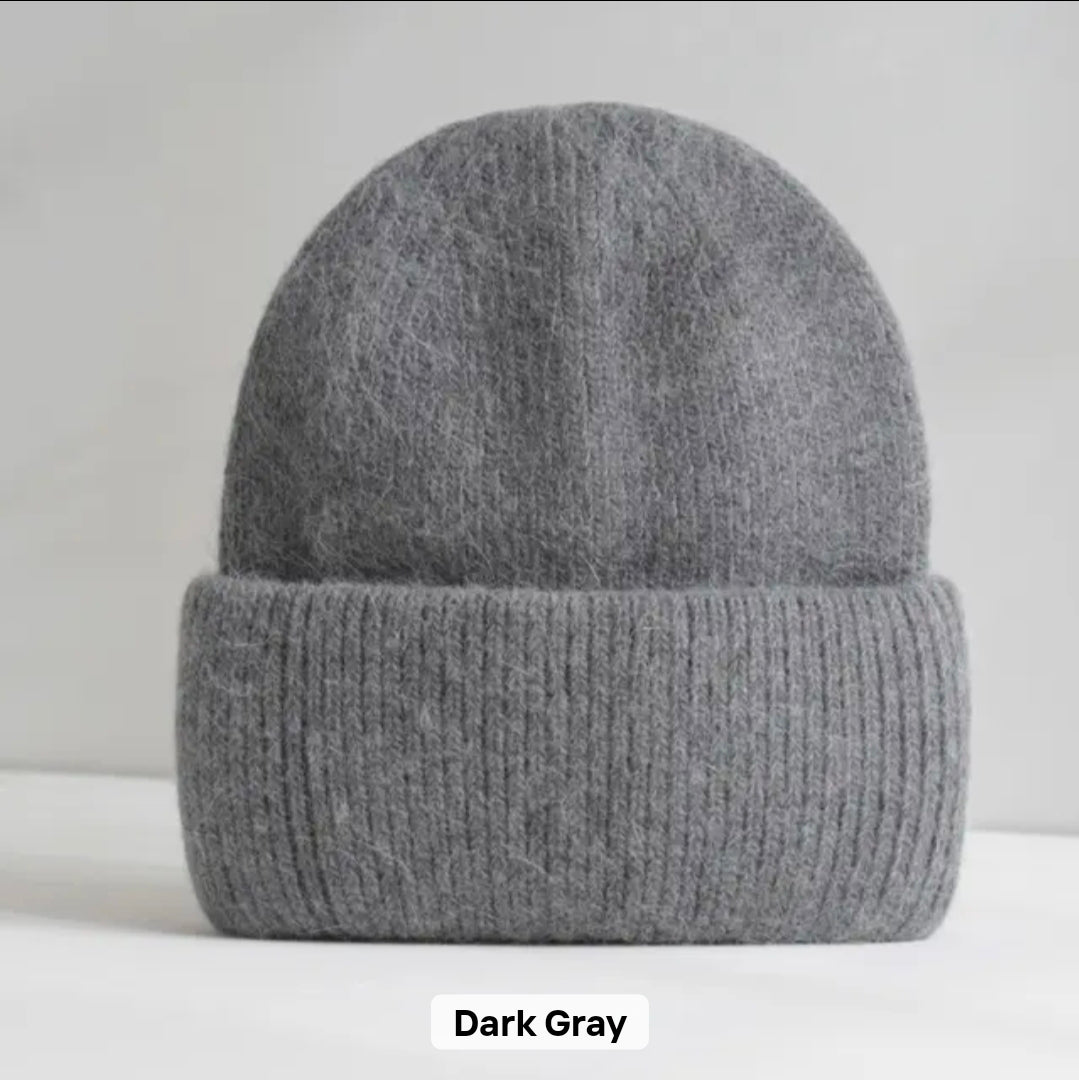 Angora Fur Beanie Hat with PU Leather Sublimation Patch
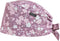Pink Series Florals Double-Sided Printed Scrub Caps for Women with Buttons, Adjustable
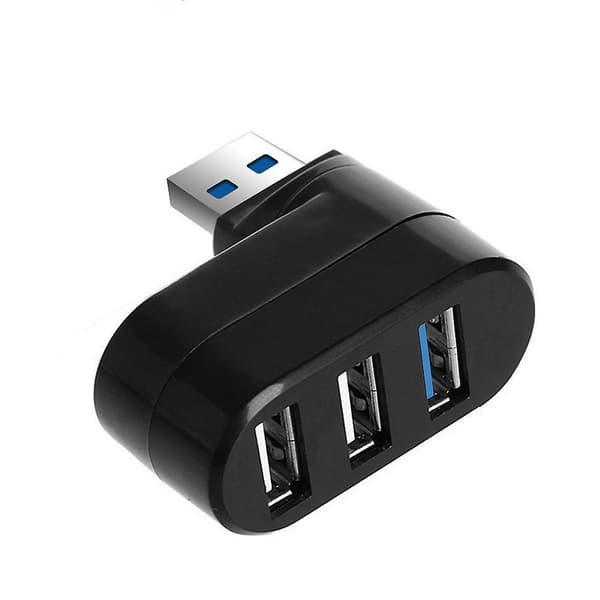 Mini 3 Port USB 3.0 Hub Høyhastighets Dataoverføring Breakout Box Adapter For PC Laptop USB Hub Black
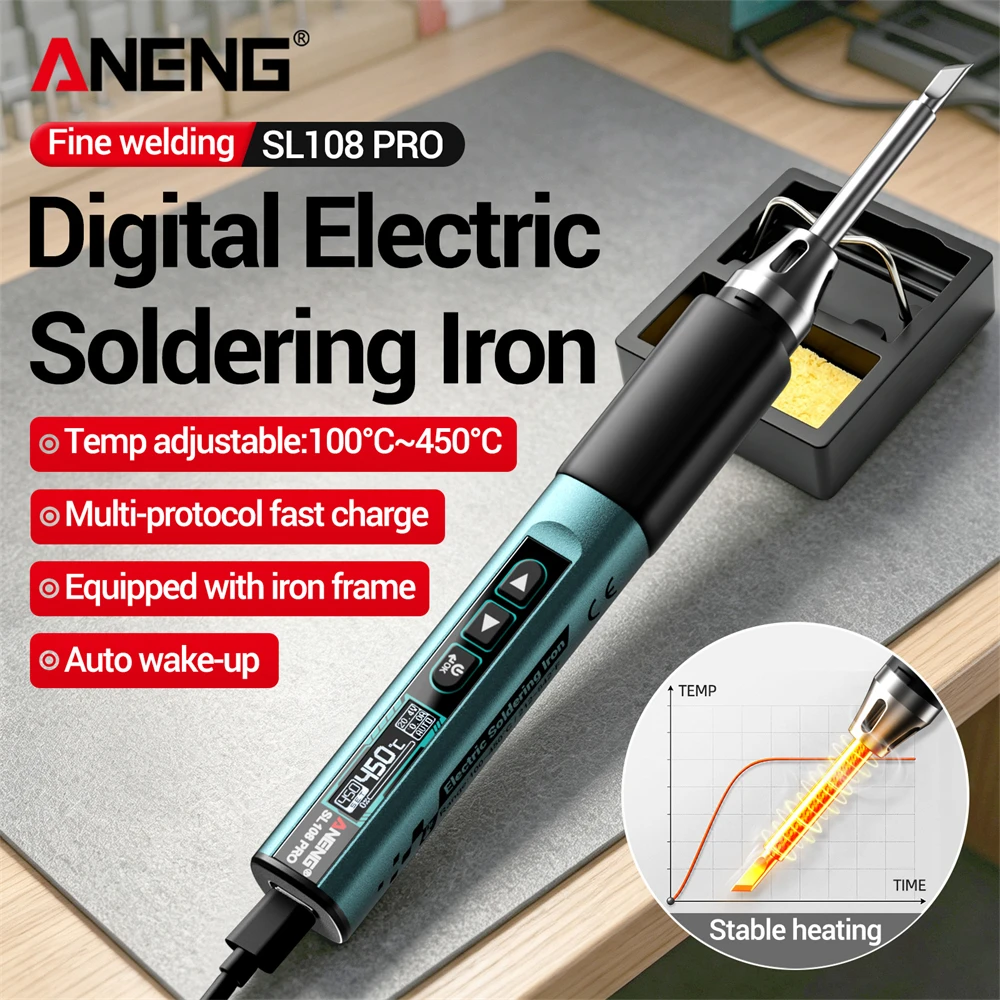 ANENG SL108 PRO Electric Soldering Irons PD 100W QC Adjustable Temperature Fast Heat Portable Digital Smart Soldering Iron Tools
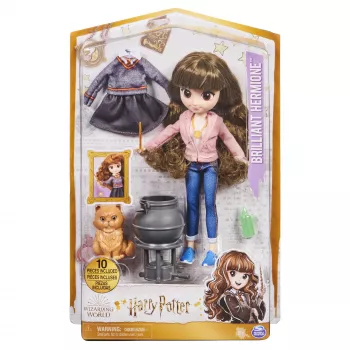 Wizarding World Harry Potter, 8 inch Brilliant Hermine Granger poppengeschenkset met 5 accessoires en 2 outfits, speelgoed voor kinderen vanaf 6 jaar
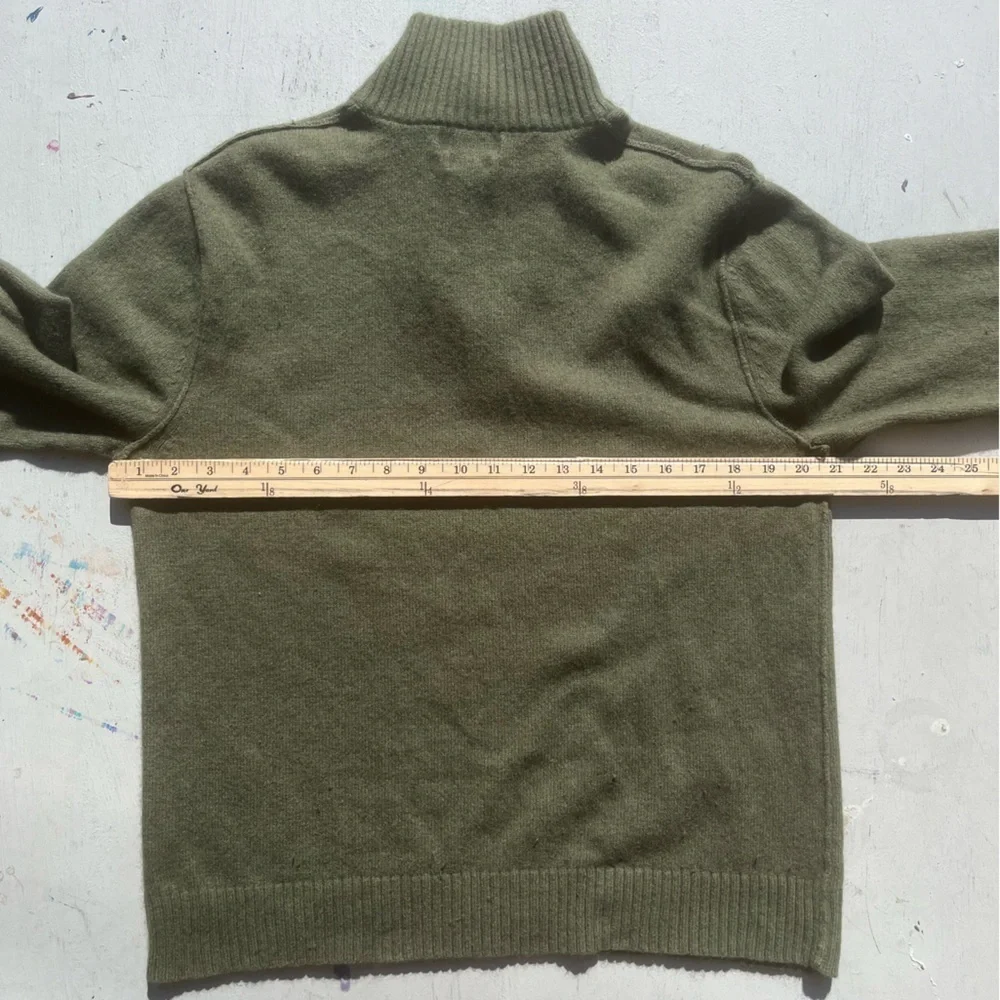 Men's Banana Republic Sweater Green Solid L Preppy Luxury Cashmere Zip HOLE City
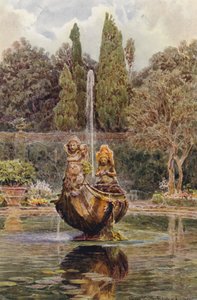 Italialaiset puutarhat: Villa Aldobrandini, suihkulähde parterressa (värilitro). tekijältä George Samuel Elgood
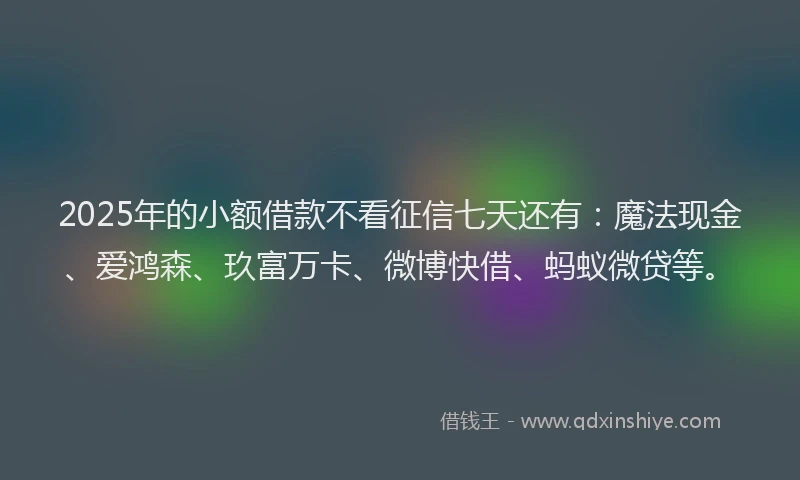 2025年的小额借款不看征信七天还有：魔法现金、爱鸿森、玖富万卡、微博快借、蚂蚁微贷等。
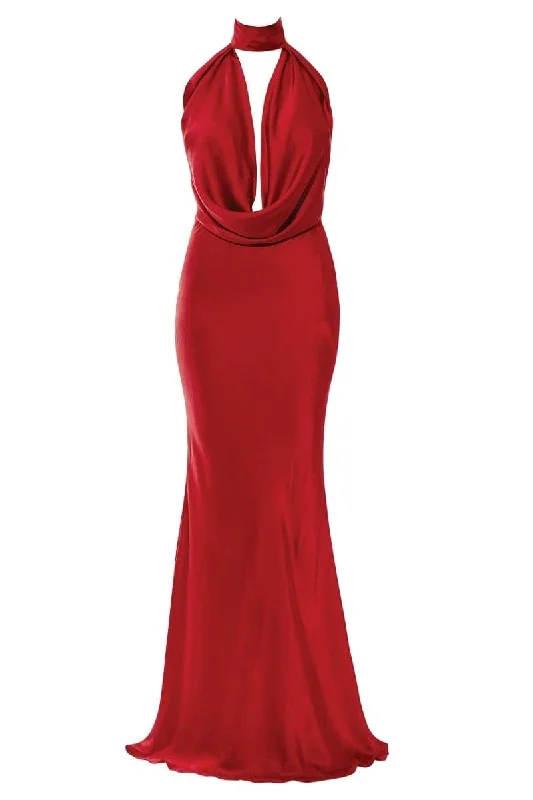 KATHY RED SATIN BACKLESS GOWN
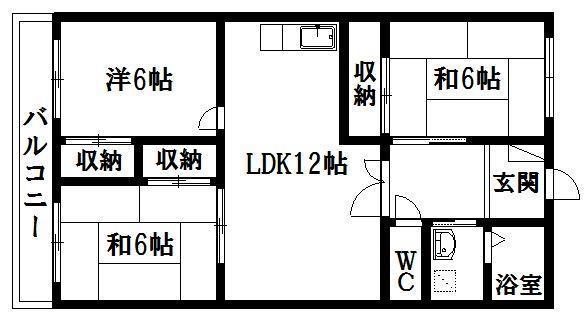 ベルデTAKADA(3LDK/1階)の間取り写真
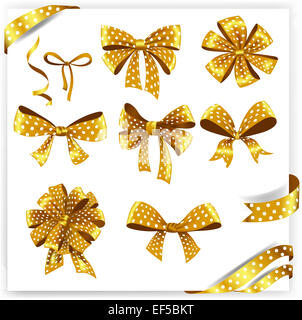 Satz von gold Polka Dot Geschenk Bögen mit Bändern. Stockfoto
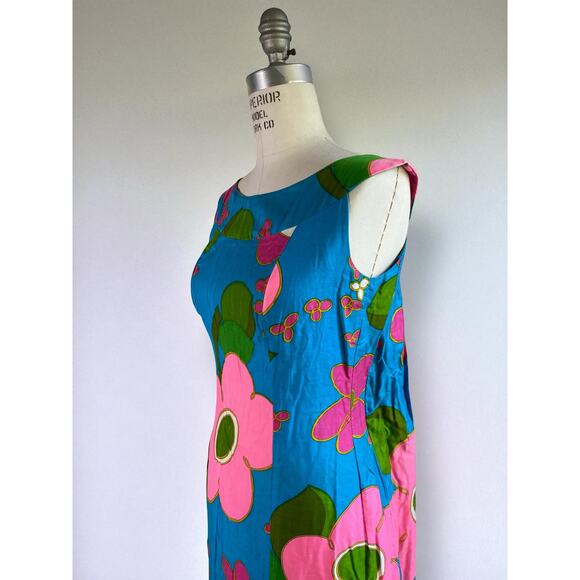 Vtg 1960s Alice Polynesian Hawaiian Floral Waterfall Sleeveless Maxi Dress | S - Picture 9 of 13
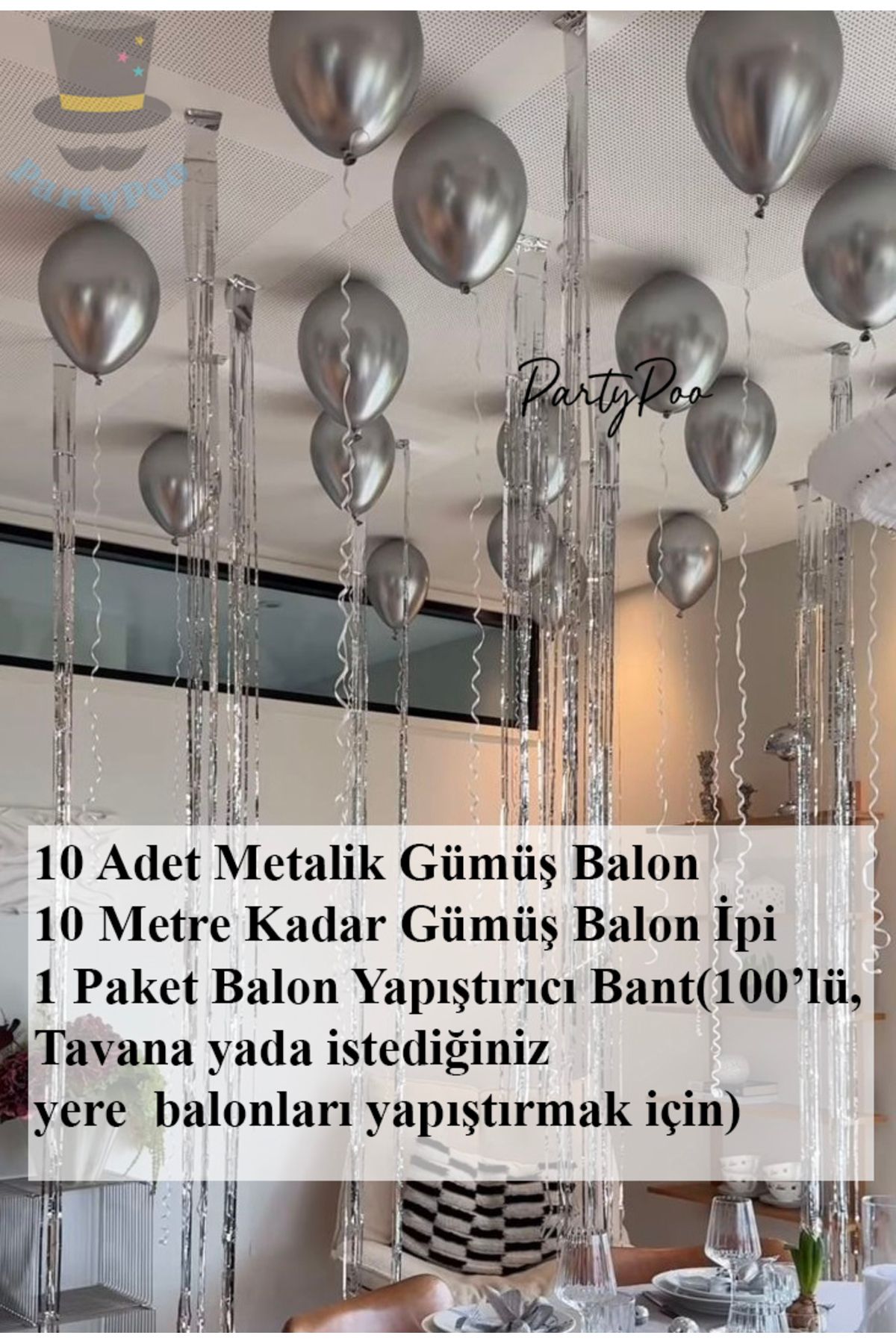 PartyPoo Bride to Be 10 Metalik Gümüş Balon Seti – Bekarlığa Veda ve Şık Parti Süslemeleri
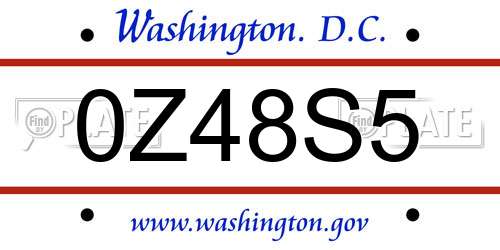 0Z48S5 District Of Columbia License Plate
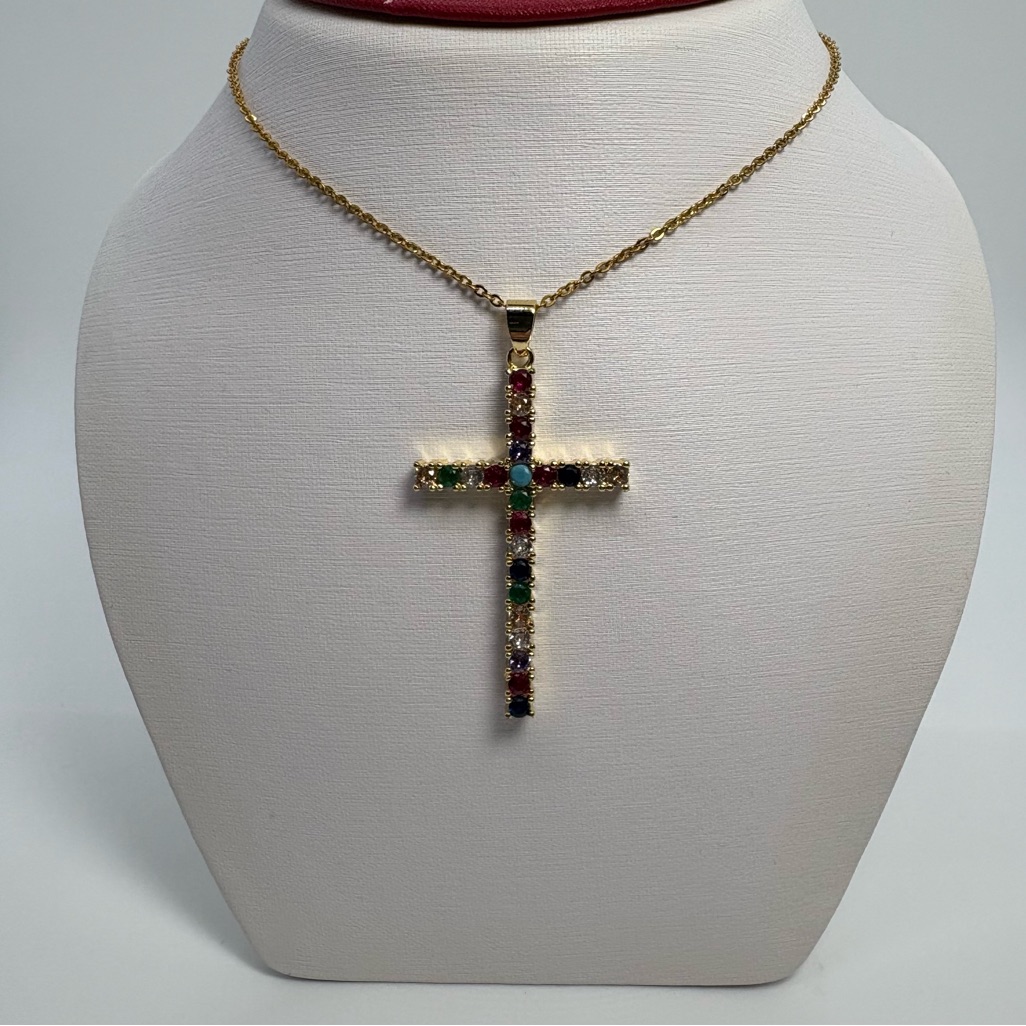 Multi Cross Pendant Necklace In 18 Karat Gold Over Brass With Chain Brand New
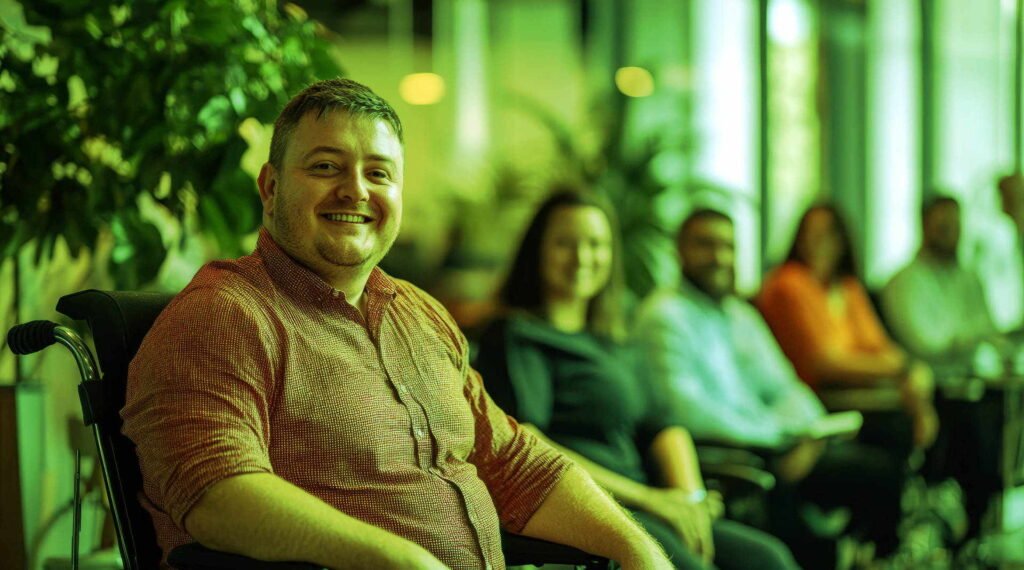 Several people in a row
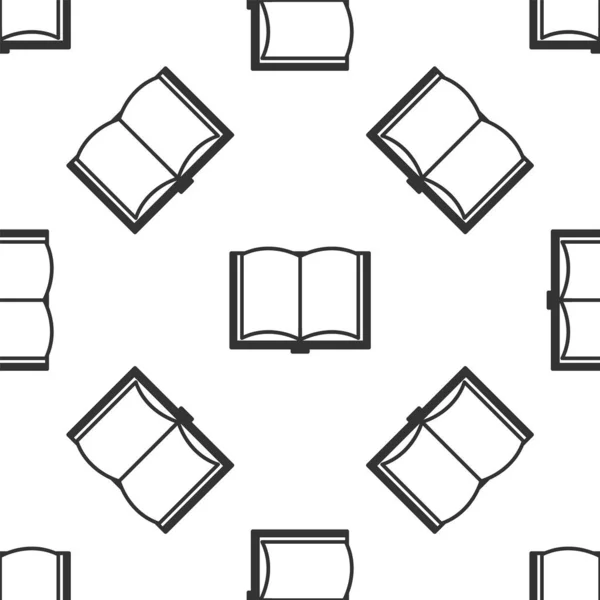 Grigio Open book icona isolato modello senza soluzione di continuità su sfondo bianco. Illustrazione vettoriale — Vettoriale Stock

:::::

#### Work order
Look above for the line with "Wizarding World Harry", then give again exactly every line from there through the line with "Men's Banana Republic", skipping the pictures.

#### Solution
 Wizarding World Harry Potter, 8 inch Brilliant Hermine Granger poppengeschenkset met 5 accessoires en 2 outfits, speelgoed voor kinderen vanaf 6 jaar
 Men's Banana Republic Sweater Green Solid L Preppy Luxury Cashmere Zip HOLE City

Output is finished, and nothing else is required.